In your hybrid model, since pair_style dpd/stat and bond_style fene are not included in the GPU package so their calculations were all on the CPU. The only thing that was on GPU was lj/cut. So the pair time reduced, bond time stayed roughly the same, neigh time increased since you now need to construct neighbor lists on both the CPU and GPU.

Changing to a faster should not help much. The key is to reduce the time spent in dpd/stat and fene bonds as well as neighboring time.

Ray

Hi Yongjin,

to clarify, both lj/cut and dpd/tstat are supported by the GPU package, you can double check by looking at the screen output. When you specify neigh no for the GPU package, the neighbor lists are built on the CPU and then copied to the GPU by the /gpu pair styles, therefore the increase in neigh time came from the time spent on the CPU. The /gpu pair forces and the bond forces (bond/fene in your case) are computed concurrently, the former on the GPU and the latter on the CPU.

For systems with short pair cutoffs, neighbor lists built on the host and many bonds like yours, the speedup from the GPU library will usually be modest.

Can you try switch the newton flag for the bond forces to on, i.e. using

newton off on

in the input script with the GPU run, to see if there’s any difference in the neigh time?

Thanks for pointing out the mistake with the reference’s journal.

Steve and Axel, can you help me fix it in the next patch when you have a chance?

Best,
-Trung

Hi Yongjin,

to clarify, both lj/cut and dpd/tstat are supported by the GPU package, you
can double check by looking at the screen output.

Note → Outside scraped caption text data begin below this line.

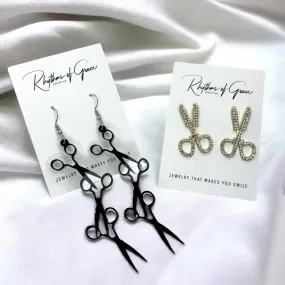 Hair Stylist Earrings - Dangle Earrings, Handmade Jewelry, Stylist Jewelry, Stylist Gift, Hair Stylist Jewelry, Scissors, Barber Gift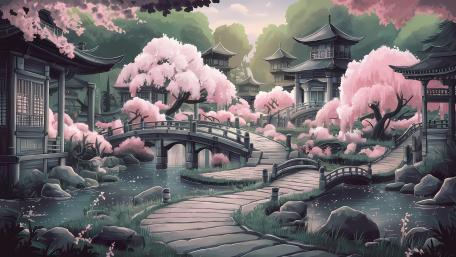 Cherry Blossom Fantasy Oasis in Japanese Art wallpaper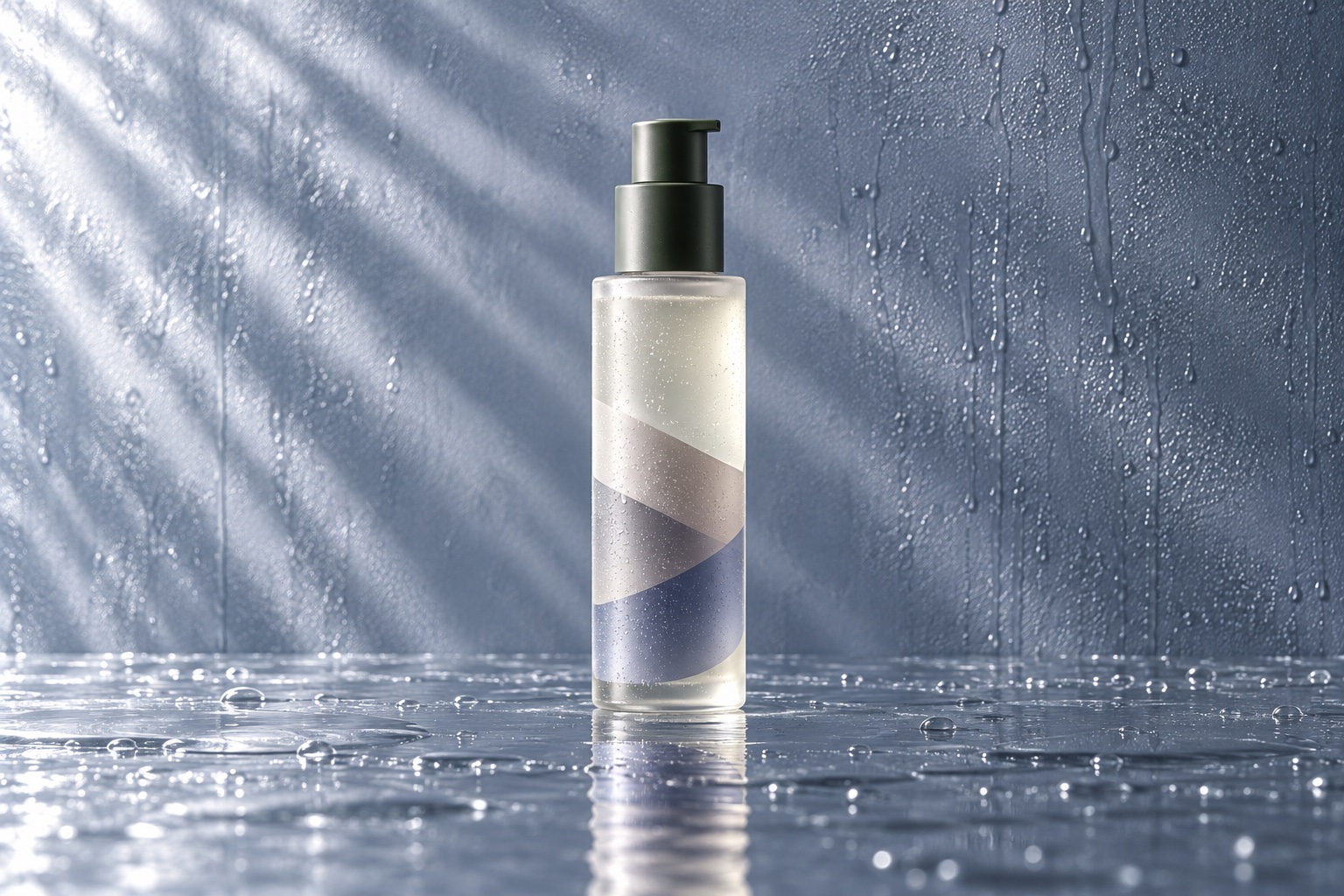 Weather Veil Essence complete Caldermoss skincare vessel on wet glass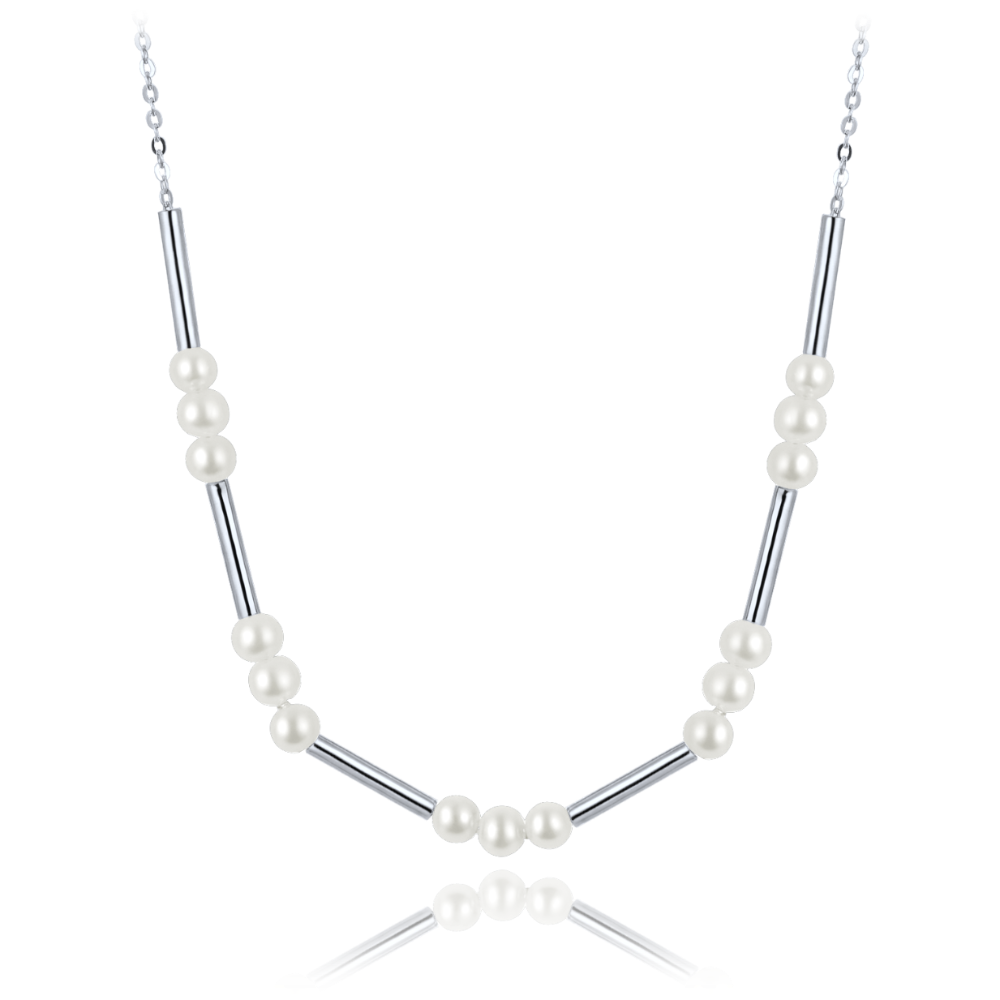 MINET Stříbrný náhrdelník s přírodními perlami
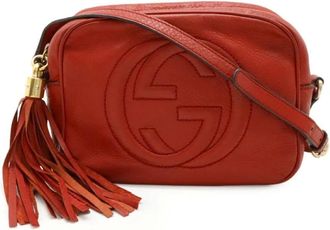Gucci Pre-owned Cross Body Bags, female, Red, Size: ONE SIZE Pre-owned Leather Crossbody Bag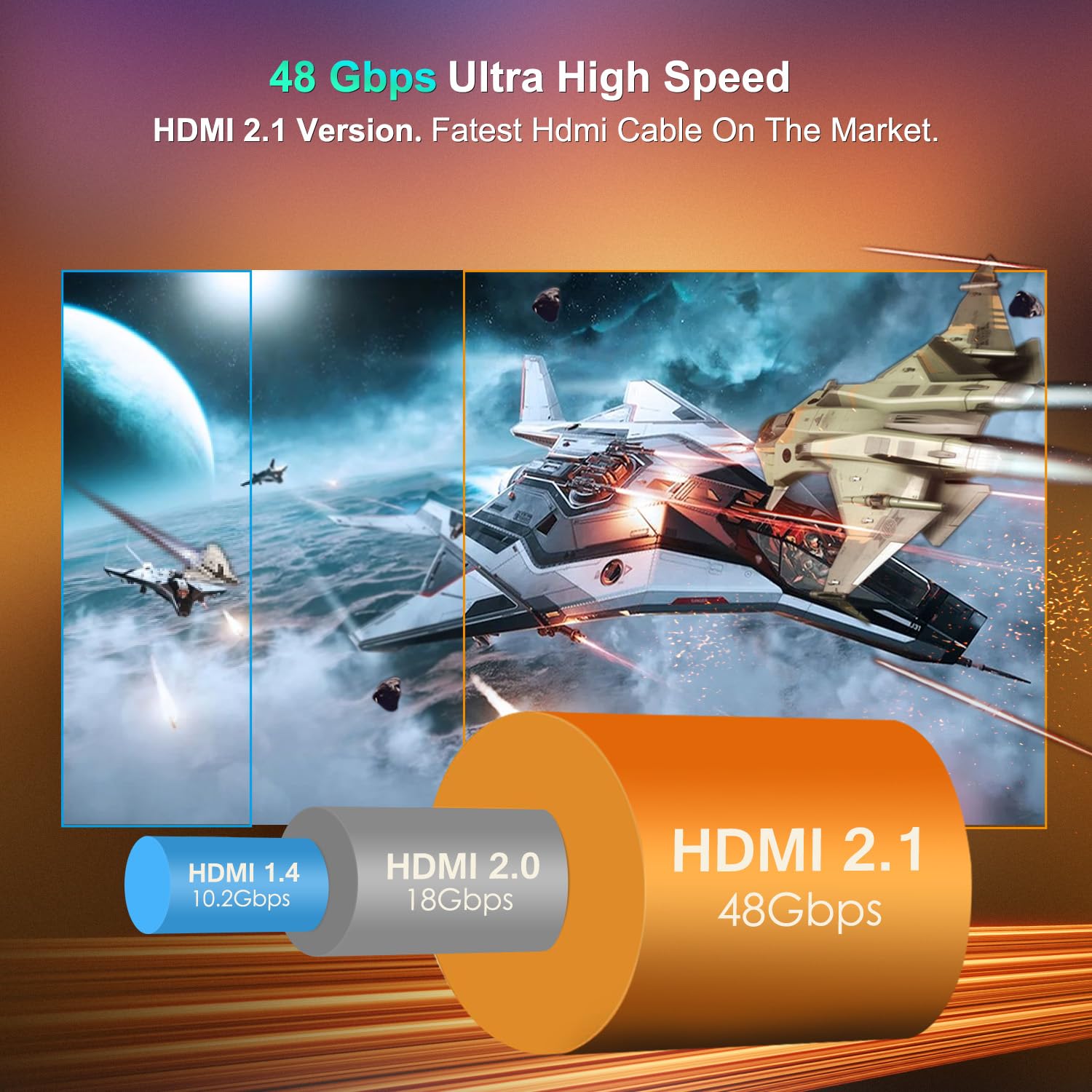 Thumbnail 3 de LEADSTAR Fiber Optic HDMI Cable 100 ft — 8K/4K, HDMI 2.1, 48Gbps, eARC, VRR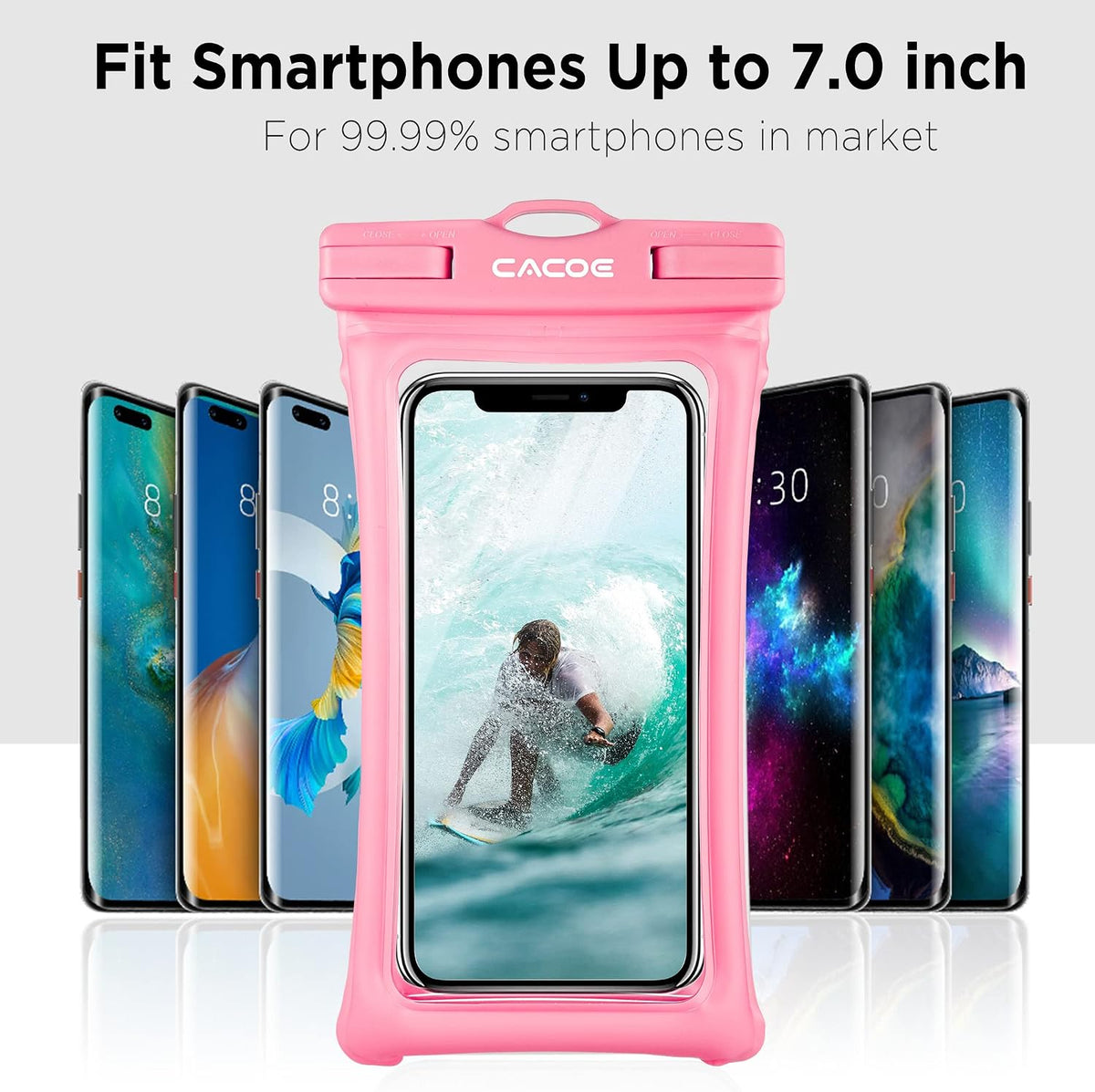 CACOE Floatable Waterproof Phone Pouch 2 Pack Up to 7.0",Black+Pink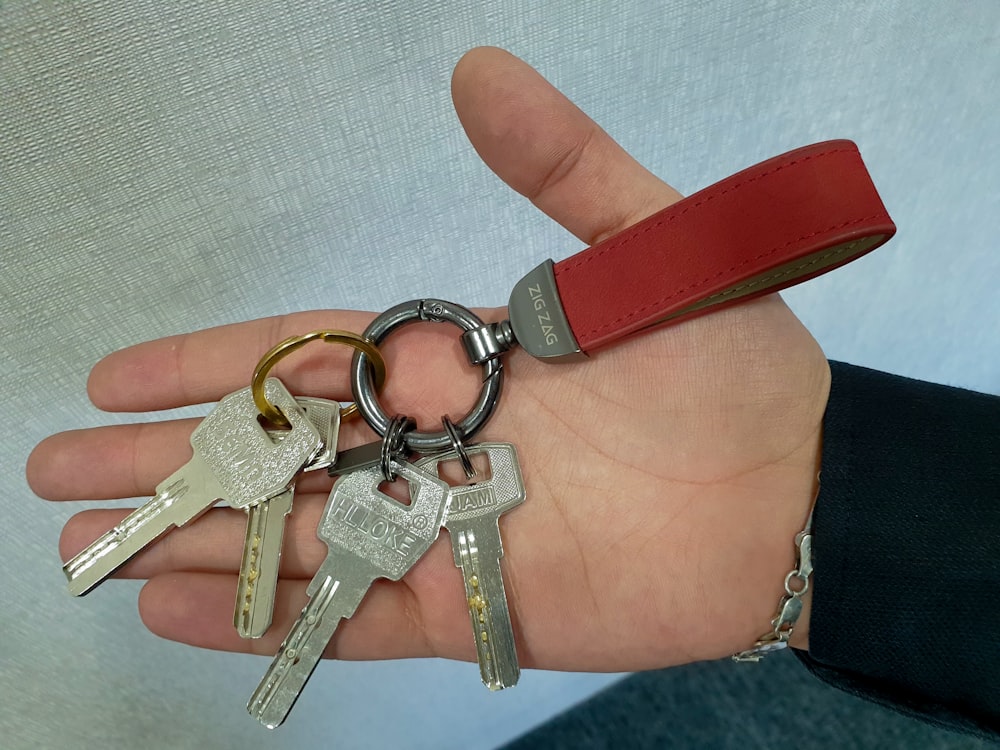 a person holding a bunch of keys in their hand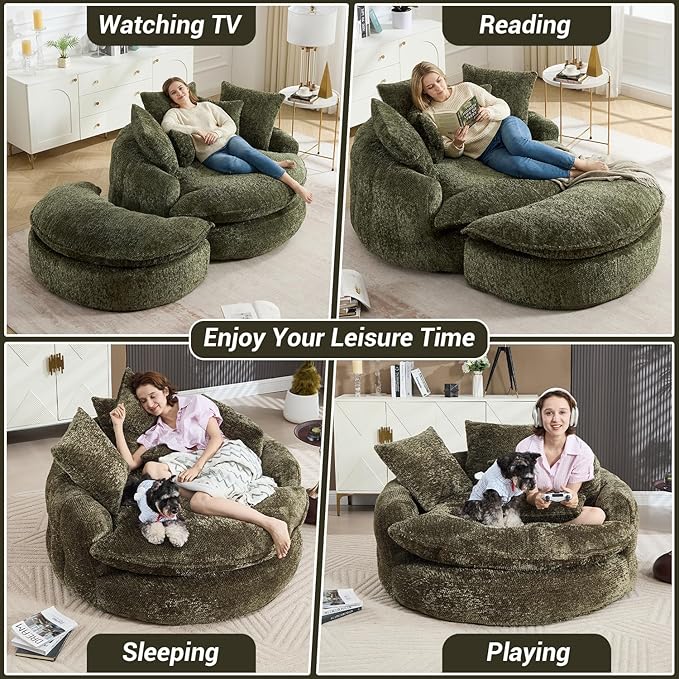 54" Oversized Round Chaise Lounge Indoor Boneless Bean Bag Chair with Movable Ottoman Fluffy Comfy Reading Chair Large Circle Cloud Couch Sleeper Sofa Bed for Living Room, Bedroom, Apartment, Green
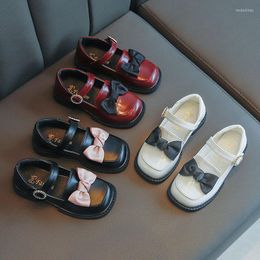 Flat Shoes Girls Kids Casual Princess With Lovely Bow Soft Bottom Children Autumn Spring Fashion Single Shoe SZ414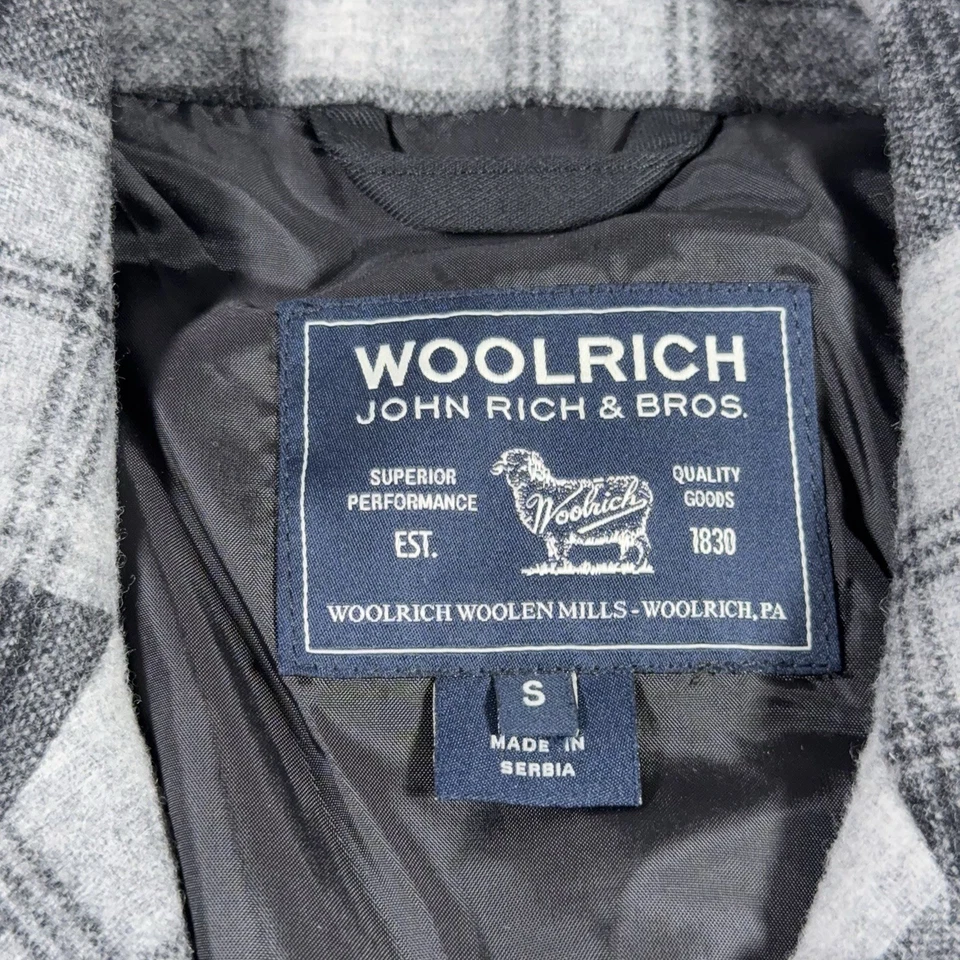Woolrich John Rich & Bros Men's Wool Heavy Shirt Jacket Plaid Officer Rare - Image 4 of 4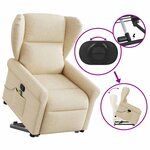 vidaXL Fauteuil inclinable de massage Crème Tissu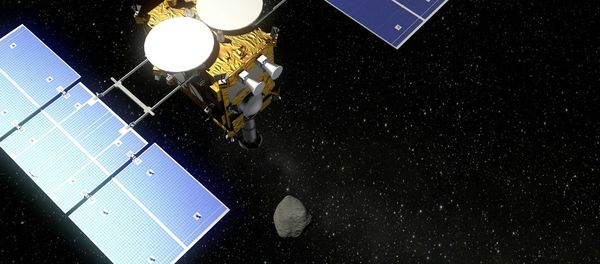 The Hayabusa 2 probe and an asteroid - visualization - Sputnik International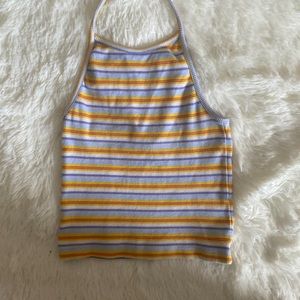 Colorful striped vintage style halter crop top. By Brandy Melville.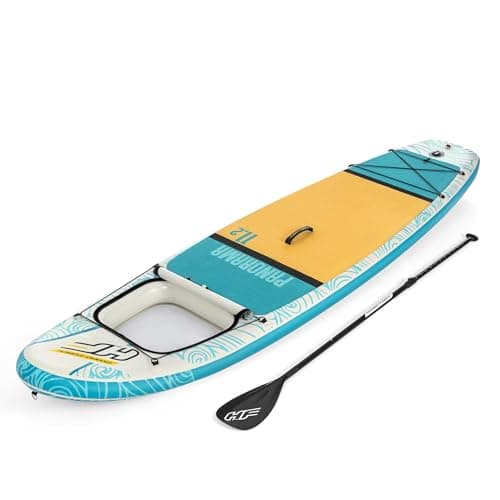 Image of Bestway Hydro-Force Panorama SUP Paddle board, Stand up Inflatable Paddle board, Built-In Window, Contains Paddle, Handpump and Leash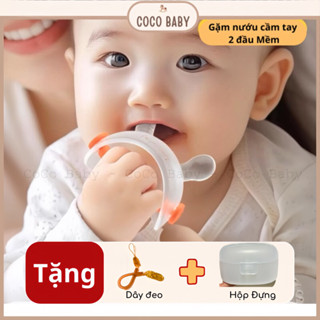 Gặm Nướu Cầm tay Silicon MỀM thiết kế 2 đầu gặm giống T.i Mẹ cho bé từ 2 tháng tuổi+, giảm ngậm tay mút tay, cáu gắt.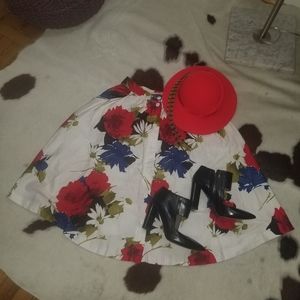 Floral vintage midi skater skirt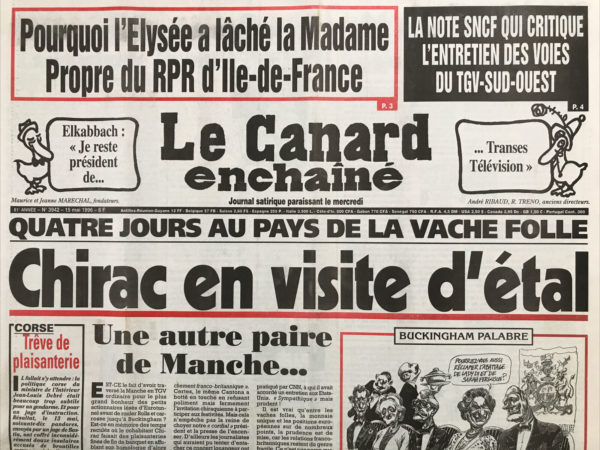 Couac ! | N° 3942 du Canard Enchaîné - 15 Mai 1996 | Nos Exemplaires du Canard Enchaîné sont archivés dans de bonnes conditions de conservation (obscurité, hygrométrie maitrisée et faible température), ce qui s'avère indispensable pour des journaux anciens. | 3942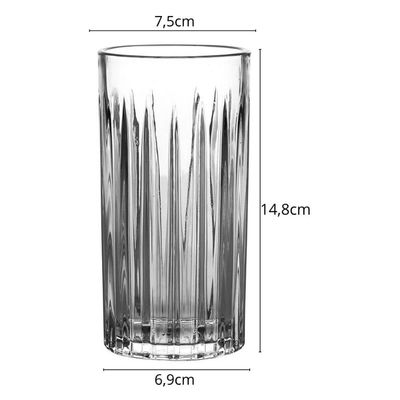 Jogo 6 Copos Altos Soho Cristal 390ml 15cm Água Suco Servir Mesa Posta Elegante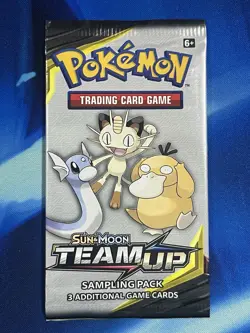 SEALED Team Up Sample Booster Pack Fun Pack 3 Card Pokemon Sun And Moon - Image 1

When you specify neigh no
for the GPU package, the neighbor lists are built on the CPU and then copied
to the GPU by the /gpu pair styles, therefore the increase in neigh time
came from the time spent on the CPU. The /gpu pair forces and the bond
forces (bond/fene in your case) are computed concurrently, the former on the
GPU and the latter on the CPU.

For systems with short pair cutoffs, neighbor lists built on the host and
many bonds like yours, the speedup from the GPU library will usually be
modest.

Can you try switch the newton flag for the bond forces to on, i.e. using

newton off on

in the input script with the GPU run, to see if there's any difference in
the neigh time?

Thanks for pointing out the mistake with the reference's journal.

Steve and Axel, can you help me fix it in the next patch when you have a
chance?

fix is on the way:

https://github.com/lammps/lammps/pull/286/commits/230b29eae652474532947ec554db99ee2c2bf35d

axel.